Theorem (Szemerédi, 1975): Suppose that $A \subseteq \mathbb{N}$ and $\overline{d}(A) > 0$. Then $A$ contains arithmetic progressions of every finite length.

Note that Szemerédi’s Theorem is a true generalization and strengthening of Van der Waerden’s theorem: when combined with Exercise 2, Szemerédi’s Theorem directly implies Van der Waerden’s Theorem. However, Szemerédi’s Theorem does not give any information about sets of natural numbers with zero upper density. There is one particularly interesting such set, which we encountered in our last post: the set of prime numbers, $P = \{2,3,5,7,11, \ldots \}$.

According to experts, it is likely that it was conjectured as early as 1770, by Lagrange and Waring, that the set of primes contains arbitrarily long arithmetic progressions, and the question experienced renewed interest in the wake of the proof of Szemerédi’s Theorem. An answer finally came in 2004, in a paper by Ben Green and Terence Tao.

Theorem (Green-Tao, 2004): The set of prime numbers contains arithmetic progressions of every finite length.

The story has not ended yet, as many very natural questions about arithmetic progressions remain unsolved. Perhaps the most famous is the following conjecture of Erdős, strengthening his conjecture with Turán that was eventually confirmed by Szemerédi.

Conjecture (Erdős): Suppose $A \subseteq \mathbb{N}$ (with $0 \not\in A$) and $\sum_{n \in A} \frac{1}{n} = \infty$. Then $A$ arithmetic progressions of every finite length.

This conjecture, unlike Szemerédi’s Theorem, would cover the case in which $A$ is the set of all primes, so this conjecture would generalize both Szemerédi’s Theorem and the Green-Tao Theorem. The problem currently carries a cash prize of \$5000 (and, of course, the promise of mathematical fame).

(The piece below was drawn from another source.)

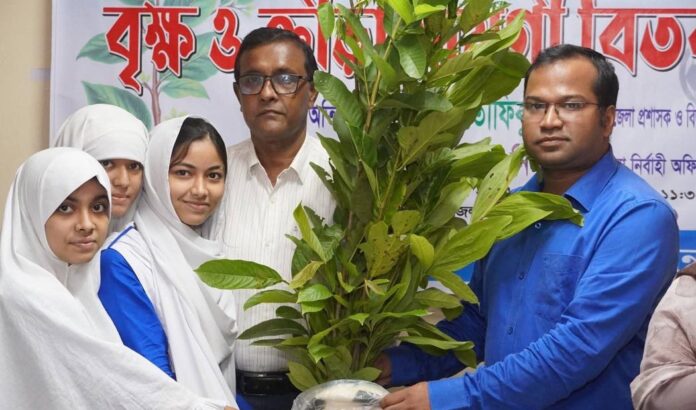 ধুনটের শিক্ষা প্রতিষ্ঠানে বৃক্ষসহ ক্রীড়া সামগ্রী বিতরণ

Solution to Exercise 1: Recursively define a sequence $\langle a_n \mid n \in \mathbb{N} \rangle$ by letting $a_0 = 1$, and, given $a_0, \ldots, a_n$, letting $a_{n+1} = (n+1)(a_0 + a_1 + \ldots + a_n)$. The first few terms of the sequence are thus $1,1,4,18,96, \ldots$. Now divide $\mathbb{N}$ into pairwise disjoint blocks $\langle A_n \mid n \in \mathbb{N} \rangle$, arranged one after the other, in which, for all $n \in \mathbb{N}$, $|A_n| = a_n$. The first few blocks are thus as follows:

• $A_0 = \{0\}$;
• $A_1 = \{1\}$;
• $A_2 = \{2,3,4,5\}$;
• $A_3 = \{6,7,\ldots,23\}$;
• $A_4 = \{24,25,\ldots,119\}$.

Now let $A$ be the union of all of the even-numbered blocks, i.e. $A = \bigcup_{n \in \mathbb{N}}A_{2n}$, and let $B$ be the union of all of the odd-numbered blocks.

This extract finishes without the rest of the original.